I am new with gem5 simulator. I have a C application that i want to make it run faster. So the first thing I've done is to optimize it using several techniques like loop unrolling and SIMD. And the next step, i intend to make it work on multiple cores (X86 and ARM) for that i must use the gem5 simulator.
The application is for Radix4 computing. For now I've succeeded to make it work on one core systems for X86 and ARM but, now i want to make it work on 4, 16, ... cores X86 or ARM.
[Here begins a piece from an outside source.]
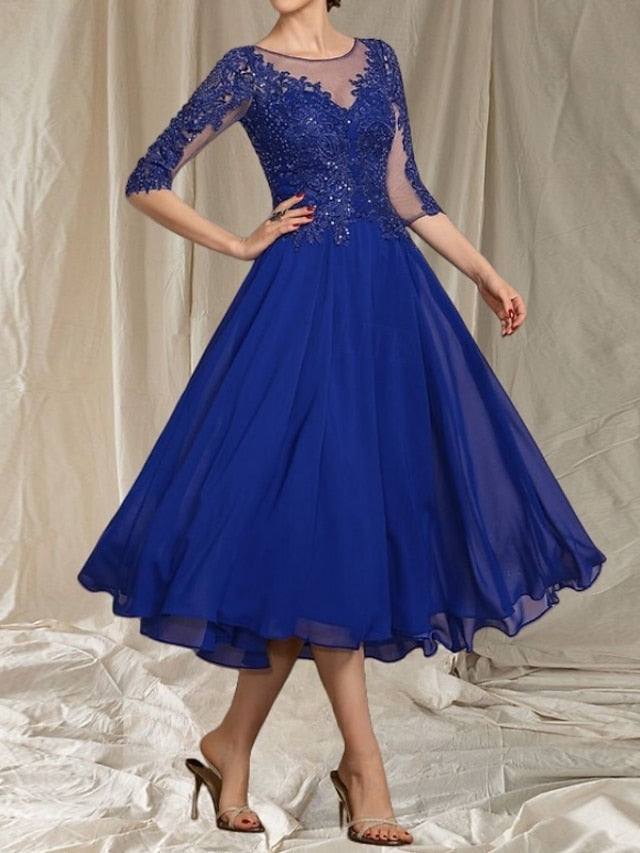 of the Bride Mother Crew Dress Neck Elegant Guest A-Line Wedding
could someone give me some hints or show me the right way to do this? Thank you
this is a global idea about the application
void init_twiddle(int N)
{
int i;
for(i=0; i<TWIDDLE_LIMIT; i++)
{
/*Filling the twiddle table*/
}
}
void init_LUT(int N)
{
LUT_n2 = malloc((1+PMAX)*sizeof(int*));
for (i=0; i <= PMAX; i++){
for (j=0; j < n; j++)
/*Calculate radix parametrs and put them in a table*/
}
}
void bit_r4_reorder(float* x, float* y, int N)
{
/*Bit reordering after calculating the radix4*/
}
void radix4(float *x,float *y, int N)
{
/*function for the radix4 computing*/
}
int main()
{
/*Calling the previous functions*/
}
The application doesn't know that it's being run on a simulated system, so you can treat gem5 as a real system to achieve your goal. i.e., by using OpenMP or MPI.
If the system being modeled has these libraries (OpenMP or MPI) installed then these libraries should work in theory.